CFO option grant at Horizon Quantum (HQ) tied to merger exchange
Filing Impact
Filing Sentiment
Form Type
4
Rhea-AI Filing Summary
Horizon Quantum Holdings Ltd. reported that Chief Financial Officer Greg Gould received a grant of 285,300 stock options as part of the company’s recent business combination. Each option is exercisable into 2.43499 Class A Ordinary Shares, covering 694,702 shares in total, at an exercise price of $5.13 per share, and expires on August 15, 2035.
The award reflects an exchange of Mr. Gould’s prior Legacy Horizon options for equivalent company options at the March 19, 2026 business combination closing.
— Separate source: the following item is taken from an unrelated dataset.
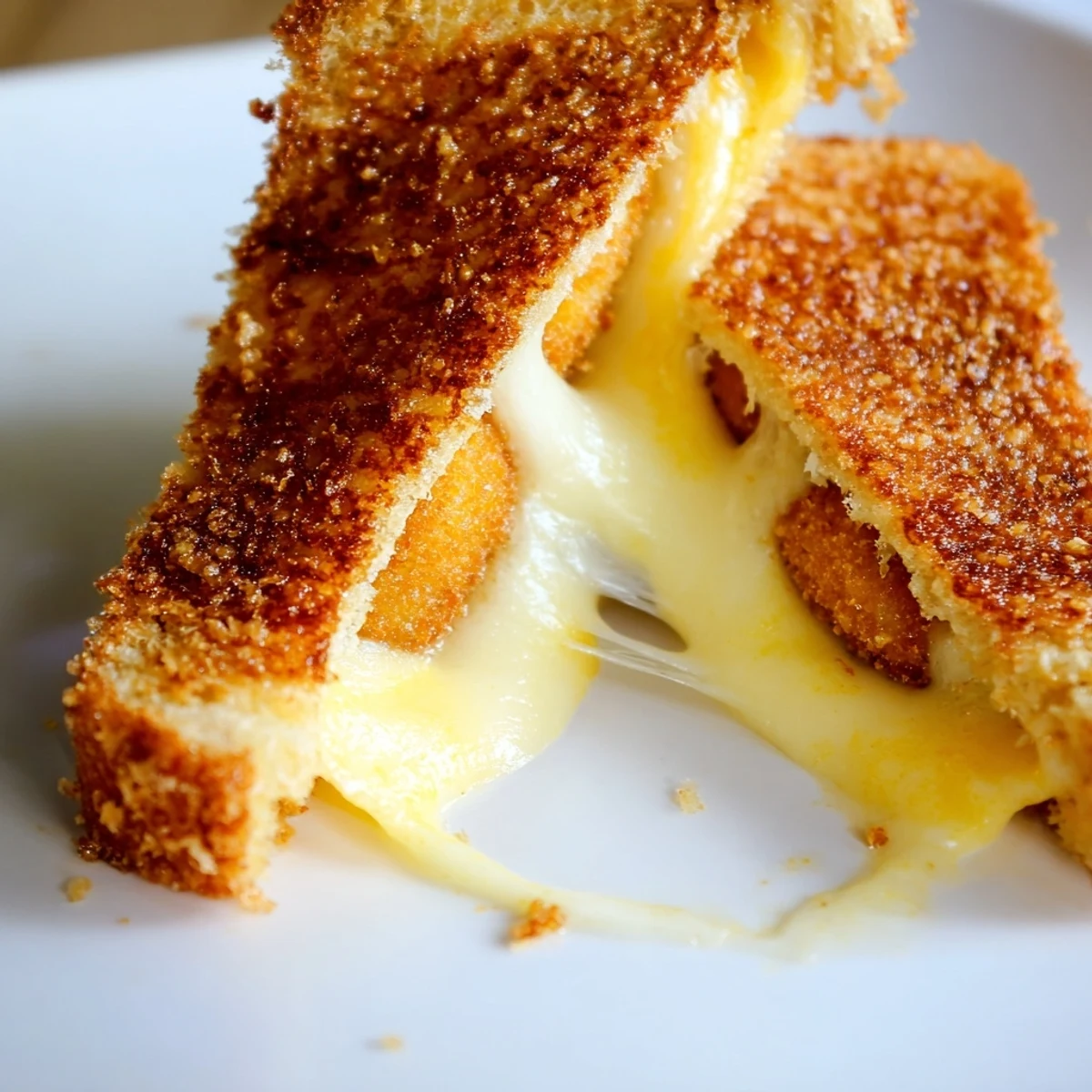 Golden-brown Mozzarella Stick Grilled Cheese sandwiches oozing melted cheese, served with warm marinara dipping sauce.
The options vest quarterly in 16 equal installments beginning August 15, 2025; as of March 24, 2026, 35,662 options are vested and exercisable, with 249,638 scheduled to vest over time, contingent on continued employment.
Positive
- None.
Negative
- None.
Insider Trade Summary
1 transaction reported
Mixed
1 txn
Insider
Gould Greg
Role
Chief Financial Officer
| Type | Security | Shares | Price | Value |
|---|---|---|---|---|
| Grant/Award | Stock Option (Right to Buy) | 285,300 | $0.00 | -- |
Holdings After Transaction:
Stock Option (Right to Buy) — 285,300 shares (Direct)
Footnotes (1)
- Each stock option is exercisable for 2.43499 Class A Ordinary Shares of Horizon Quantum Holdings Ltd. (the "Company") at a price per share of $5.13. Stock options received as part of the business combination (the "Business Combination") contemplated by the Business Combination Agreement, dated as of September 9, 2025 (the "BCA"), by and among Horizon Quantum Computing Pte. Ltd. ("Legacy Horizon"), dMY Squared Technology Group, Inc., the Company and certain other parties, as described in the Registration Statement on Form F-4, as amended and supplemented (File No. 333-292737), initially filed with the U.S. Securities and Exchange Commission on January 14, 2026, and declared effective on February 17, 2026. Upon the closing of the Business Combination on March 19, 2026, Mr. Gould's stock options exercisable for Legacy Horizon ordinary shares awarded by Legacy Horizon were exchanged for substitute stock option awards of the Company of an equivalent economic value, which are subject to a vesting schedule as further detailed in footnote 3. The stock options held by Mr. Gould are subject to Mr. Gould's continued employment with the Company and vest quarterly in 16 equal installments, beginning on August 15, 2025. As of March 24, 2026, 35,662 stock options are fully vested and exercisable, with the remaining 249,638 stock options vesting in accordance with the forgoing schedule. Pursuant to the BCA and as a result of the closing of the Business Combination, Mr. Gould's 285,300 Legacy Horizon stock options were exchanged for 285,300 stock options of the Company of an equivalent economic value, with an exercise price per Class A Ordinary Share of $5.13.
FAQ
What insider transaction did Horizon Quantum (HQ) report for its CFO?
Horizon Quantum reported that CFO Greg Gould received 285,300 stock options as compensation. These options were granted in connection with the company’s business combination and replace his prior Legacy Horizon options on an equivalent economic basis.
What is the exercise price and expiry for Greg Gould’s Horizon Quantum (HQ) options?
The options carry an exercise price of $5.13 per Class A Ordinary Share and expire on August 15, 2035. This long-dated structure is typical for equity incentives, giving management a multi‑year horizon to create shareholder value.
How do the Horizon Quantum (HQ) CFO options vest over time?
The options vest in 16 equal quarterly installments starting August 15, 2025, conditioned on continued employment. As of March 24, 2026, 35,662 options are vested and exercisable, while 249,638 remain unvested under the same quarterly schedule.